[[ Information given, beginning ]]
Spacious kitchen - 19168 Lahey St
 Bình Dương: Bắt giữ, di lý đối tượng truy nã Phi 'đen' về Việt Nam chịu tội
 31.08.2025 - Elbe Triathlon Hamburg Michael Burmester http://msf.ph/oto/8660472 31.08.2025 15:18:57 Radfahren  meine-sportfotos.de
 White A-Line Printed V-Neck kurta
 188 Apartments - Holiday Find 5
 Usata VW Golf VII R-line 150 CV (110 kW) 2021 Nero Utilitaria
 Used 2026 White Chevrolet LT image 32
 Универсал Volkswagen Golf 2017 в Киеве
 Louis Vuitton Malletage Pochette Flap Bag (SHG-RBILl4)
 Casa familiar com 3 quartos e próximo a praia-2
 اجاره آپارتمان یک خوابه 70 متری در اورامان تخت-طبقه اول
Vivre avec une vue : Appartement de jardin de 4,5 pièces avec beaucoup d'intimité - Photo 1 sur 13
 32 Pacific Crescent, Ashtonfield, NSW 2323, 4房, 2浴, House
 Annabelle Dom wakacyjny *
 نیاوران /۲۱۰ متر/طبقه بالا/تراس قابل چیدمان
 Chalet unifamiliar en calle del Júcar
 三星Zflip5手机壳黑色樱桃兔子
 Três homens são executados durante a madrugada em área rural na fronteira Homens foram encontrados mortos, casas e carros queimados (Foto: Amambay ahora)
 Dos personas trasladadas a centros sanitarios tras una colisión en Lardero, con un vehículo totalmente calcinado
[[ Information given, end ]]
Exercise aim >>
Give the data again. Keep every line identical.

Response area >>
Spacious kitchen - 19168 Lahey St
 Bình Dương: Bắt giữ, di lý đối tượng truy nã Phi 'đen' về Việt Nam chịu tội
 31.08.2025 - Elbe Triathlon Hamburg Michael Burmester http://msf.ph/oto/8660472 31.08.2025 15:18:57 Radfahren  meine-sportfotos.de
 White A-Line Printed V-Neck kurta
 188 Apartments - Holiday Find 5
 Usata VW Golf VII R-line 150 CV (110 kW) 2021 Nero Utilitaria
 Used 2026 White Chevrolet LT image 32
 Универсал Volkswagen Golf 2017 в Киеве
 Louis Vuitton Malletage Pochette Flap Bag (SHG-RBILl4)
 Casa familiar com 3 quartos e próximo a praia-2
 اجاره آپارتمان یک خوابه 70 متری در اورامان تخت-طبقه اول
Vivre avec une vue : Appartement de jardin de 4,5 pièces avec beaucoup d'intimité - Photo 1 sur 13
 32 Pacific Crescent, Ashtonfield, NSW 2323, 4房, 2浴, House
 Annabelle Dom wakacyjny *
 نیاوران /۲۱۰ متر/طبقه بالا/تراس قابل چیدمان
 Chalet unifamiliar en calle del Júcar
 三星Zflip5手机壳黑色樱桃兔子
 Três homens são executados durante a madrugada em área rural na fronteira Homens foram encontrados mortos, casas e carros queimados (Foto: Amambay ahora)
 Dos personas trasladadas a centros sanitarios tras una colisión en Lardero, con un vehículo totalmente calcinado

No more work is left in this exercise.